【ドイツ】外国人局という難敵
アウスレンダー・ベホェルデ。
「外国人局」や「外人局」と呼ばれるドイツの役所の名前です。
留学や仕事でドイツに長期滞在する人であれば幾度となくお世話になる、そしてあまり関わりを持ちたくないお役所です。
ただ、私はこれまでそんなに外国人局で嫌な思いをしたことはありません。
ハイデルベルクの外国人局の担当者はとても親切で、「このビザを取ったほうが良いですよ」とか「こちらのほうがお得です」みたいな話を積極的にしてくれましたし、困っていたら代案を出してくださり、優しく柔軟に対応してくださいました。
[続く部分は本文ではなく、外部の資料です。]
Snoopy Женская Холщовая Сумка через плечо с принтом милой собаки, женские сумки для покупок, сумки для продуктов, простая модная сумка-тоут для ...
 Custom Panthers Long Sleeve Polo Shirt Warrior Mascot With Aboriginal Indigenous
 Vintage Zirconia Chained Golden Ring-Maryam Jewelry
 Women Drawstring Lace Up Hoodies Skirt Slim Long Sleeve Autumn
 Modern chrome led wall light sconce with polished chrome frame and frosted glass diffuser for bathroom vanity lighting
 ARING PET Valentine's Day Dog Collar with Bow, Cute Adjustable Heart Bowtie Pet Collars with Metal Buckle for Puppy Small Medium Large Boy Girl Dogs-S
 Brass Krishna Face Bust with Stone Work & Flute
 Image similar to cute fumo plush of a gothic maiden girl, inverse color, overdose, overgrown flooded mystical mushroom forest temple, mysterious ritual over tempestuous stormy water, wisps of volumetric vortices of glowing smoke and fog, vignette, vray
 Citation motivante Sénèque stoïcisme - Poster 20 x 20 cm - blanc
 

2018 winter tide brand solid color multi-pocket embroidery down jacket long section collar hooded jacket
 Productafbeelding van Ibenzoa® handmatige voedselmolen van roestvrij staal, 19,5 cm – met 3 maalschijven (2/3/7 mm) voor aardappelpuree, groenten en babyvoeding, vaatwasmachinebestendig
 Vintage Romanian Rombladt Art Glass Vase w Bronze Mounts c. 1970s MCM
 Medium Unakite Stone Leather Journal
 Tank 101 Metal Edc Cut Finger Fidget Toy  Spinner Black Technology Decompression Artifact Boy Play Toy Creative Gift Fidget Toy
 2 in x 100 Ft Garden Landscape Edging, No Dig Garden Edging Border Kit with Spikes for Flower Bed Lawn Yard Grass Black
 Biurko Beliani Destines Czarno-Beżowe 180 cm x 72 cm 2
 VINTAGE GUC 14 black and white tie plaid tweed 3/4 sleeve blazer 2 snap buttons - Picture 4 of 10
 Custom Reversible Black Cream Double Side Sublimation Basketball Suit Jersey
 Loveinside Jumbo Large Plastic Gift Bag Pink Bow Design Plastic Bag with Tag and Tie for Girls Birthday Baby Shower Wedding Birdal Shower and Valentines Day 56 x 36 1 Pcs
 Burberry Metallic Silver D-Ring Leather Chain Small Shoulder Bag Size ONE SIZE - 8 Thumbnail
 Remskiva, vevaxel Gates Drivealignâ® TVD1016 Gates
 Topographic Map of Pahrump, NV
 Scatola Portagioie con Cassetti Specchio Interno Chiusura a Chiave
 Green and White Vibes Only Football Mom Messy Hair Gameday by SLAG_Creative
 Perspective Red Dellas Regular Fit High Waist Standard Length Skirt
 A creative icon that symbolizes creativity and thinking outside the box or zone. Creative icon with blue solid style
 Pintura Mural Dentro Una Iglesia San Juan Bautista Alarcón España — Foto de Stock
本当に感謝しています。
ただ、フランクフルトに引っ越してきてから、外国人局の理不尽な対応を周囲から聞くにつれて、どうもこちらがドイツ語で受け答えできるかどうかが外国人局側の対応の差となって表れているように感じ始めたのです。
フランクフルトで最初の労働ビザ更新のとき、周りから「フランクフルトの外人局は英語で話すと無視されるし書類処理も後回しにされる」などと散々な評判を聞いていたので、「ここはハイデルベルクやフライブルクとは違うらしい」と身構えてアポに臨んだところ、
恐ろしく早口だけれどとても気さくな方が対応してくださり、冗談を交わしたり、次の更新に向けたアドバイスをもらったりと、終始和やかな雰囲気で、正味15分ほどで終わってしまいました。
恐ろしく早口でしたが。
職場を抜けて30分ほどで戻ってきた私を見て、同僚たちが衝撃を受けていました。
やはりどうも、ドイツ語が話せるというのでだいぶ待遇が変わるようです。
外国人局、それで良いのかって思うのですが、これがドイツの現実です。
外国人局というのに、英語が苦手な人がそもそも多いんですよね。
私を含めて「ドイツ人は英語が上手」と言う人は多いですが、それは外資系だったり外国人と付き合いの多い人に限ってのこと。
外国人局は他の企業に劣らず外国人と接する機会が多いのですが、
外国人局は英語があまり通じないようです。
ドイツ語は英語に最も近い言語のひとつなので、個人的には、(英語とあまりにかけ離れた日本語を母語とする我々とは異なり)英語が苦手なのは単純に本人の努力不足だと(手厳しく)判断しているのですが、
地方公務員にはそこまで高い英語力が求められないのでしょうか。。。
元役人の私でさえビックリするくらい、ドイツの行政サービスは酷いです。
私は、運よく渡航前にドイツ語を集中的に勉強することができました。C1を持った状態で渡独し、2か月後には運よくC2の一部の試験に合格でき、外国人局での応対も最初からドイツ語でした。そう言う意味では苦労が少なく今までやって来られた、かなり恵まれたほうなのだと思います。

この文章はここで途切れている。